Guide

Data structures and algorithms fundamentals explained

Every production bug that “only happens at scale” eventually traces back to a structure or algorithm choice someone made when the dataset was small. A linear scan over ten rows is fine; a linear scan over ten million rows is an outage. Data structures are the containers — arrays, hash maps, trees — that organize data so common operations stay fast. Algorithms are the step-by-step procedures — sort, search, shortest path — that transform or traverse that data efficiently. This guide covers the fundamentals that still matter after your framework ships its own Map and sort(): how to read Big O complexity, which structure to pick for which access pattern, and where these abstractions show up in real systems from database indexes to game pathfinding.

Big O notation — the language of scaling

Big O describes how runtime or memory grows as input size n increases, ignoring constants and lower-order terms.
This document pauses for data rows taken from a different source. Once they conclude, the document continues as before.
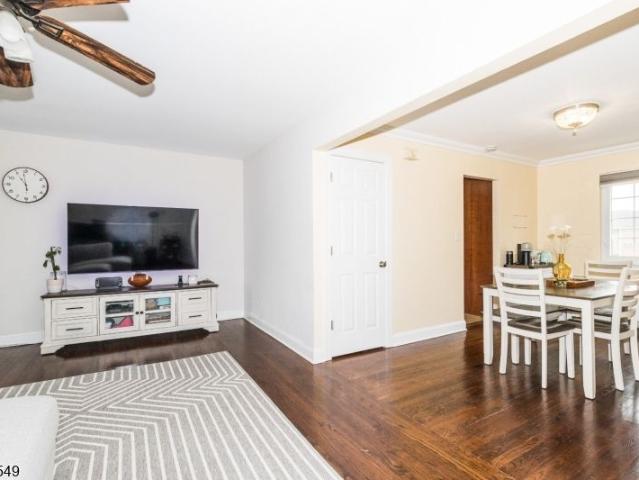Condo for rent in Springfield, New Jersey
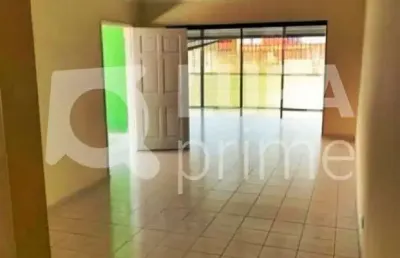 Casa com 3 quartos e 2 vagas de garagem à venda na cachoeirinha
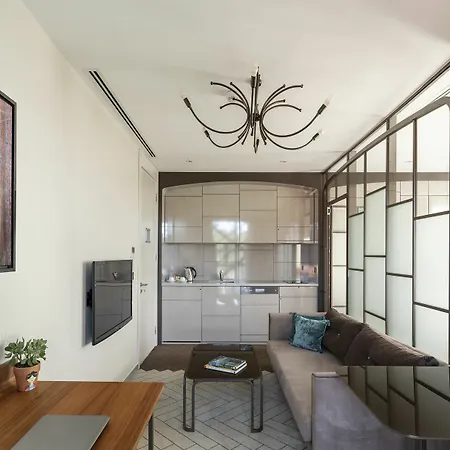 Hotel Upsuites 4*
It answers: “If I double the data, does work double, quadruple, or stay flat?”

O(1) — constant time. Hash map lookup (average case), array index access. Ideal for hot paths.
O(log n) — logarithmic. Binary search on sorted data, balanced tree operations. Scales to billions of rows.
O(n) — linear. Scan every element once — filter a list, sum values, find max in unsorted data.
O(n log n) — efficient comparison sorts (merge sort, quick sort average case). The practical floor for general-purpose sorting.
O(n²) — quadratic. Nested loops comparing every pair — fine for n < 500, painful at scale. Bubble sort territory.
O(2ⁿ) — exponential. Brute-force subsets, naive recursive Fibonacci. Usually a signal to add memoization or rethink the approach.

Big O is about asymptotic behavior, not microseconds on your laptop. A O(n log n) algorithm with tiny constants can beat a O(n) algorithm with huge overhead for small n. Use Big O to compare approaches at the scale you expect in production — then profile. Also distinguish worst case from average case: hash maps are O(1) average but O(n) worst case under adversarial collisions; quick sort is O(n log n) average but O(n²) worst case without good pivot selection.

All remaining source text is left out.